(Stored data)

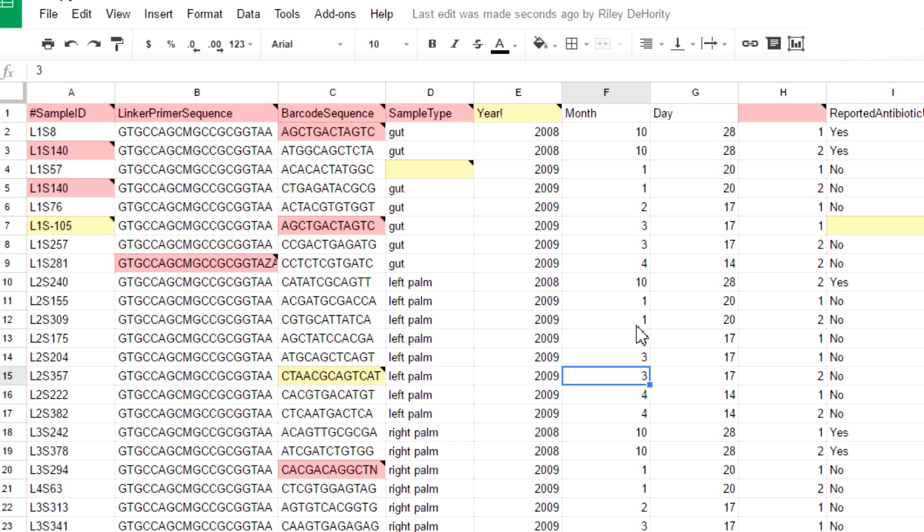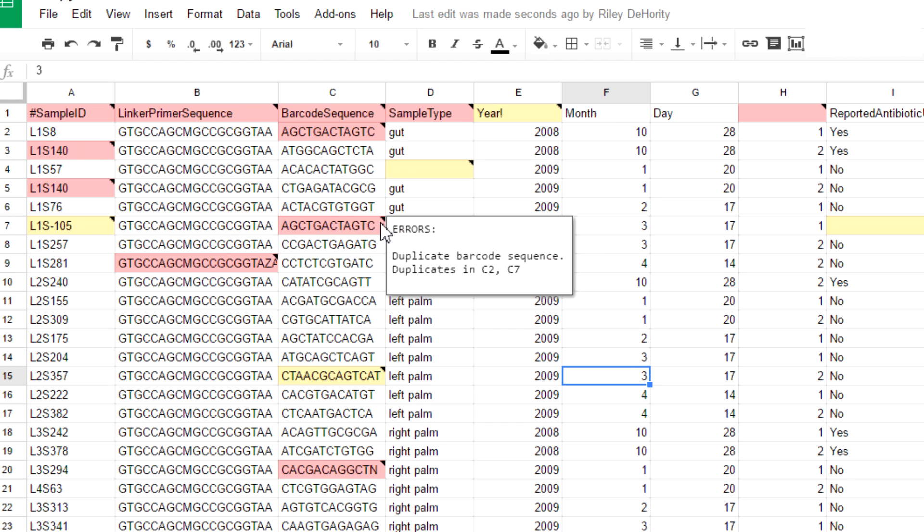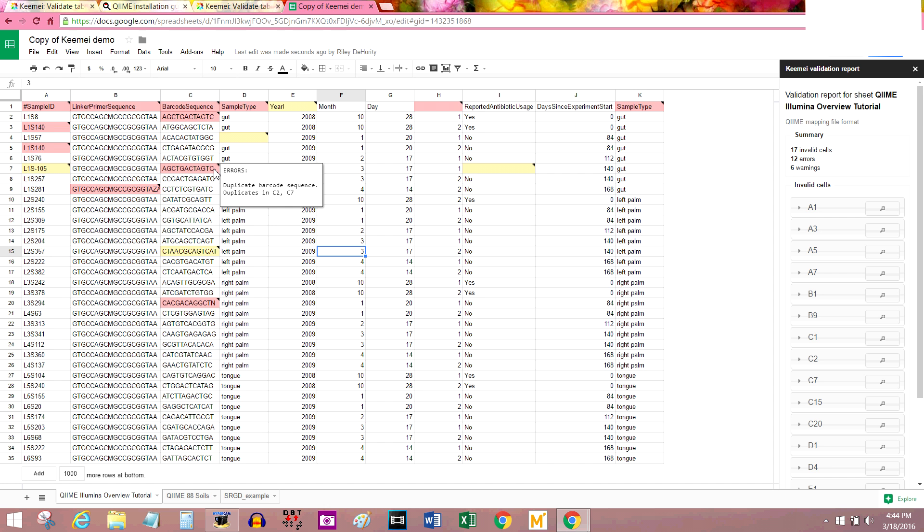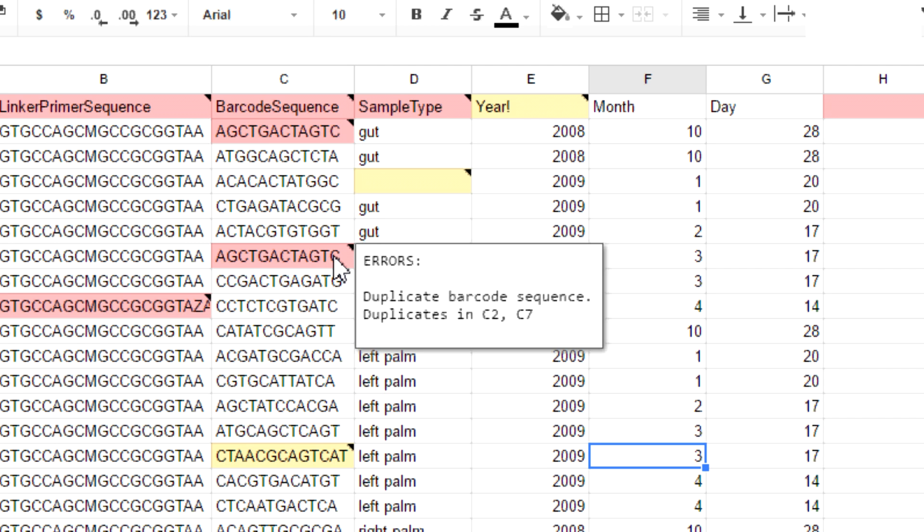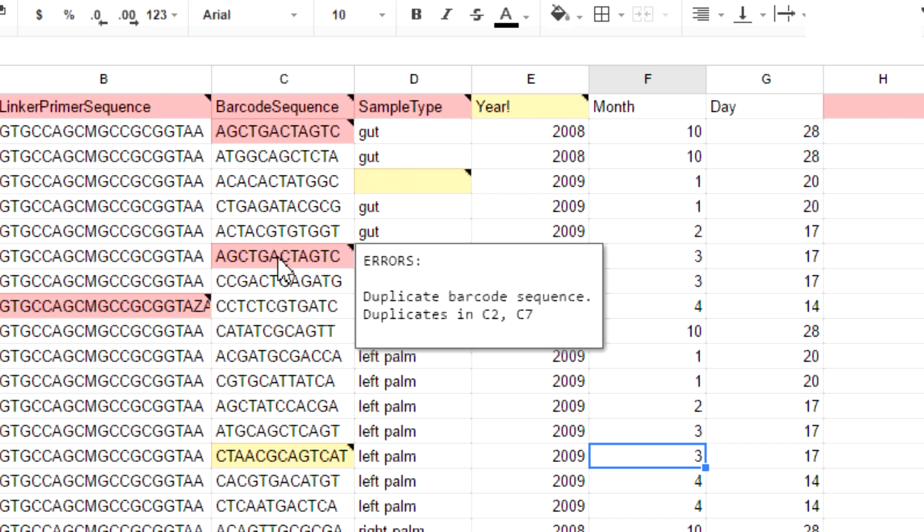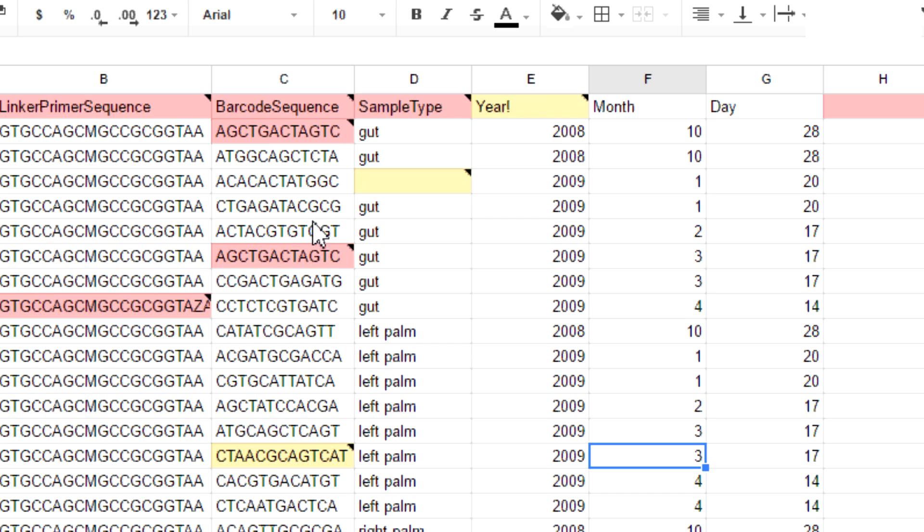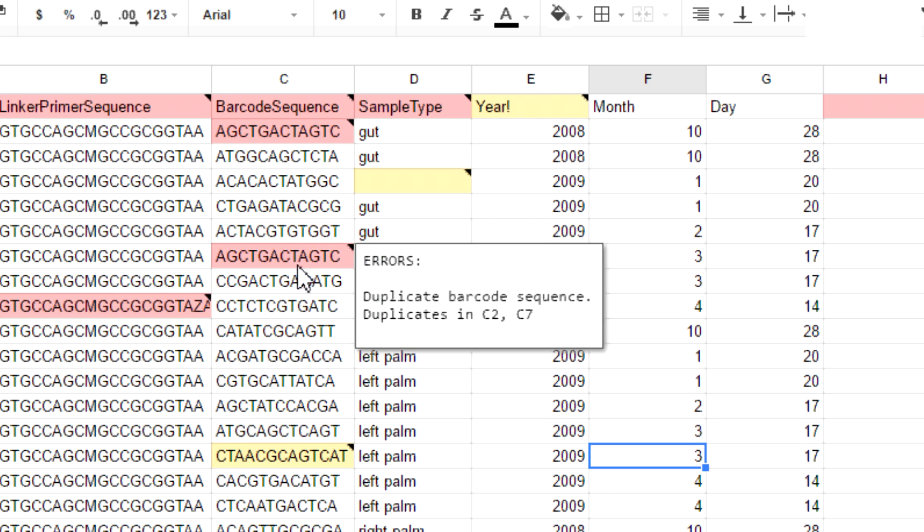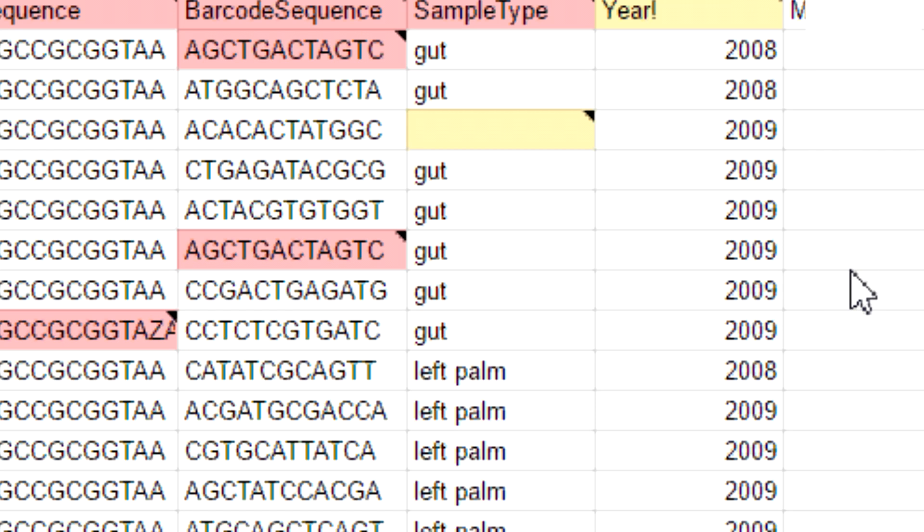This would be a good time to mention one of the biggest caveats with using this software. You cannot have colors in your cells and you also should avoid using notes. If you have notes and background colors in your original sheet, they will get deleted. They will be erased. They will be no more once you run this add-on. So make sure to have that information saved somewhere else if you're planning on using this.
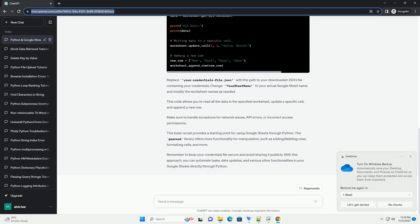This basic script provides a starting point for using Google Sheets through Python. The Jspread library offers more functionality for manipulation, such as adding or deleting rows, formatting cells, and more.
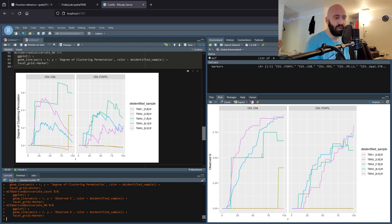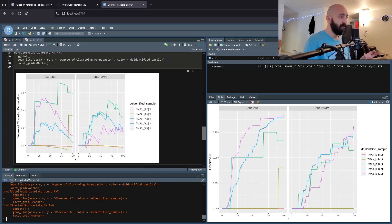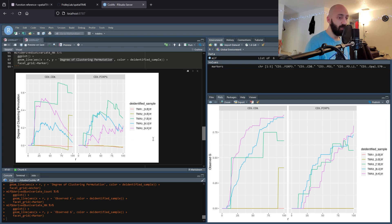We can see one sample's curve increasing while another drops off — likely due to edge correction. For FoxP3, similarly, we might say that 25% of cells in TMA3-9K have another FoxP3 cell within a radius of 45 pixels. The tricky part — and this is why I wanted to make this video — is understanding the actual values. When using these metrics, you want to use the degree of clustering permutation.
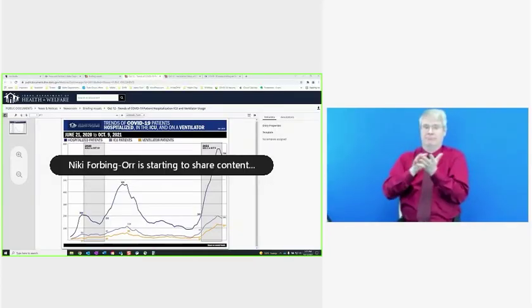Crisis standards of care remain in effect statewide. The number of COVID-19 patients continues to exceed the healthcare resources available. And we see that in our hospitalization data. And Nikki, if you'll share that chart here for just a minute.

(End Stored data)

Reproduce exactly the lines above from the one with "This basic script" through the last line of the data, keeping both ends and dropping the pictures.

§ Solution for this task
This basic script provides a starting point for using Google Sheets through Python. The Jspread library offers more functionality for manipulation, such as adding or deleting rows, formatting cells, and more.
We can see one sample's curve increasing while another drops off — likely due to edge correction. For FoxP3, similarly, we might say that 25% of cells in TMA3-9K have another FoxP3 cell within a radius of 45 pixels. The tricky part — and this is why I wanted to make this video — is understanding the actual values. When using these metrics, you want to use the degree of clustering permutation.
Crisis standards of care remain in effect statewide. The number of COVID-19 patients continues to exceed the healthcare resources available. And we see that in our hospitalization data. And Nikki, if you'll share that chart here for just a minute.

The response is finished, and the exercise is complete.